English Name: cnidium, Sichuan lovage root
Pharmaceutical Name: Rhizoma Ligustici Chuanxiong
Medica Category: Blood-Invigorating and Stasis-Removing Herbs
Properties: Chuan Xiong enters the Liver, Gallbladder, and Pericardium channels; it is acrid in nature and warm in temperature.
What is Chuan Xiong?:
The Chinese Herb Chuan Xiong is Sichuan lovage root (from Ligusticum chuanxiong Hort.; syn. with Ligusticum wallichii Hance.), a plant in the umbelliferae (parsley) family that grows in the Sichuan region of China. Considered one of the fundamental 50 herbs in Traditional Chinese Medicine, the aromatic roots have a long tradition of being used to address gynecological issues as well as headaches and joint pain that are associated with the change of seasons (see below). The roots are dug up in the summer when the nodal points on the stem protrude and turn light purple. They are then cleaned, dried, and sliced and can be left unprocessed or fried with grain-based liquor for use as medicine.
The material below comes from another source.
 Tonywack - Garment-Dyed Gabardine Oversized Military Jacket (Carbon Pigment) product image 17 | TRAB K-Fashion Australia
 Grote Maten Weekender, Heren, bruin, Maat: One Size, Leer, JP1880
Traditional Chinese Medicine (TCM) Therapeutic Actions of Chuan Xiong:
Chuan Xiong activates qi and blood circulation and is an herb of choice for addressing obstetric and gynecological disorders (i.e. amenorrhea and irregular menstruation, continuous postpartum bleeding, and many manifestations of pain associated with menses) that have blood stagnation and cold as part of the root problem.
Chuan Xiong also addresses other clinical manifestations of blood stagnation (besides those involving gynecological issues) such as pain from blood stagnation anywhere in the body, pain and bruising from traumatic injuries, numbness in the extremities, and chronic, non-healing sores.
Note about assessing the root cause of pain: generally speaking, pain from blood stagnation tends to be a sharp, fixed pain that worsens when palpated; pain from cold is that pain which is alleviated by heat.
Note for students and practitioners: Chuan Xiong enters the chong (thoroughfare) channel, which is the point from which all 12 channels emerge—referred to as the “sea of blood”, it is closely tied to menstrual processes.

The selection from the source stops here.